| Your goal |
A faithful, complete transcript of the entries below, without pictures, should be returned.

*** Information Section Begins ***

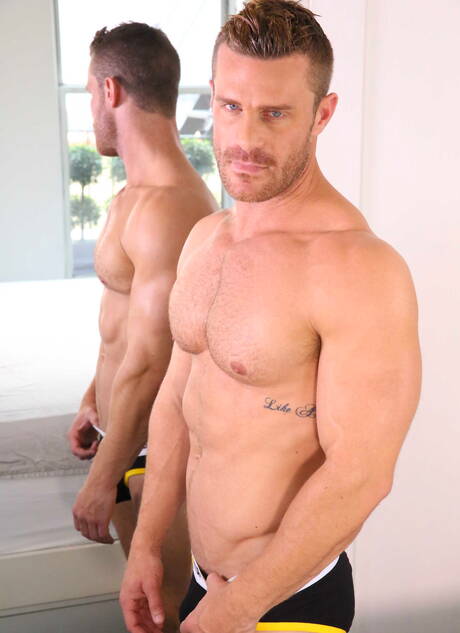 Pretty american guys otter Jarec Wentworth and husky guy Landon Conrad in hot ass fuck action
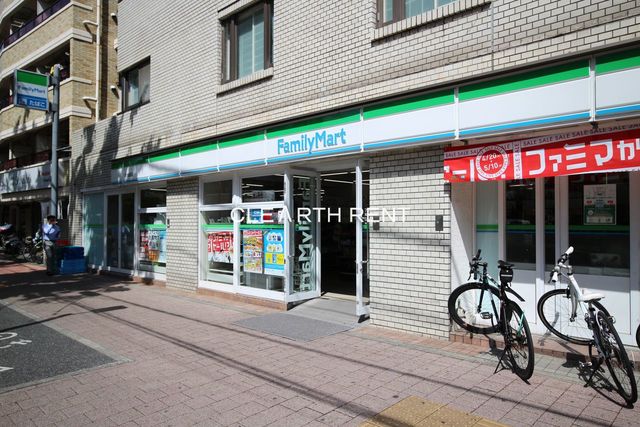 コンシェリア池袋 ＴＨＥ ＲＥＳＩＤＥＮＣＥ ＥＡＳＴ1階 【コンビニエンスストア】ファミリーマート 西池袋店まで292ｍ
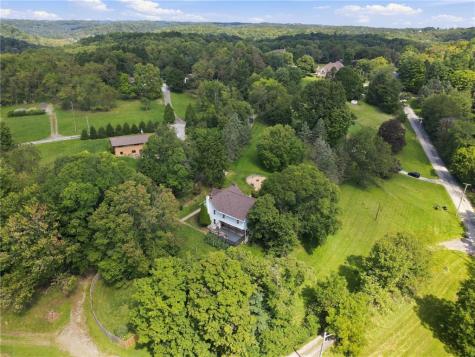 2137 Fairhill Playground Road Sewickley Hills Boro PA 15143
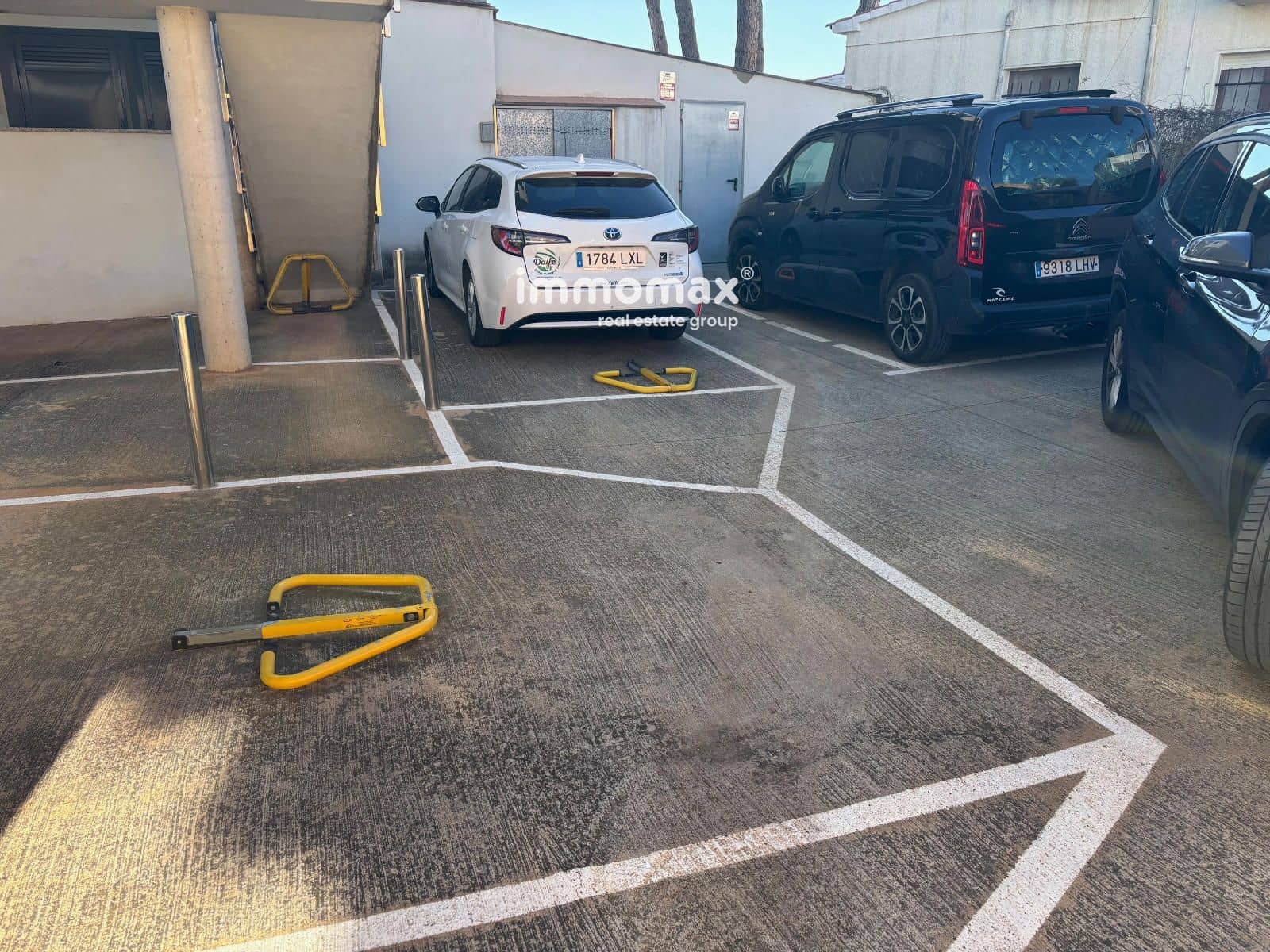 2 bedroom Flat for sale in L'Escala with garage - € 325,000 (Ref: 9780790)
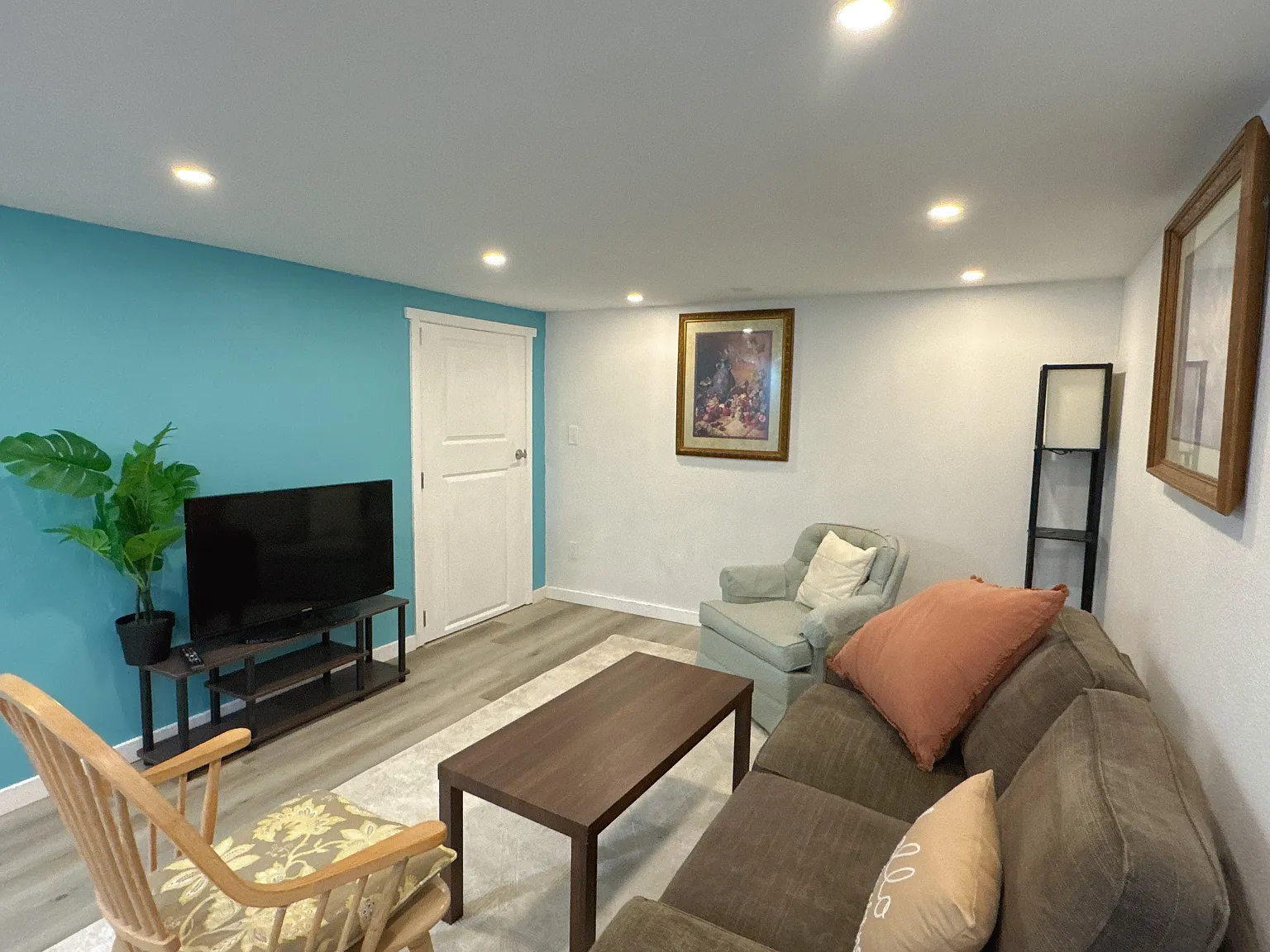 2 bed, 750 sqft, $2,300 — Photo 2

*** Information Section Ends ***

| Reply to the task |
 Pretty american guys otter Jarec Wentworth and husky guy Landon Conrad in hot ass fuck action
 コンシェリア池袋 ＴＨＥ ＲＥＳＩＤＥＮＣＥ ＥＡＳＴ1階 【コンビニエンスストア】ファミリーマート 西池袋店まで292ｍ
 2137 Fairhill Playground Road Sewickley Hills Boro PA 15143
 2 bedroom Flat for sale in L'Escala with garage - € 325,000 (Ref: 9780790)
 2 bed, 750 sqft, $2,300 — Photo 2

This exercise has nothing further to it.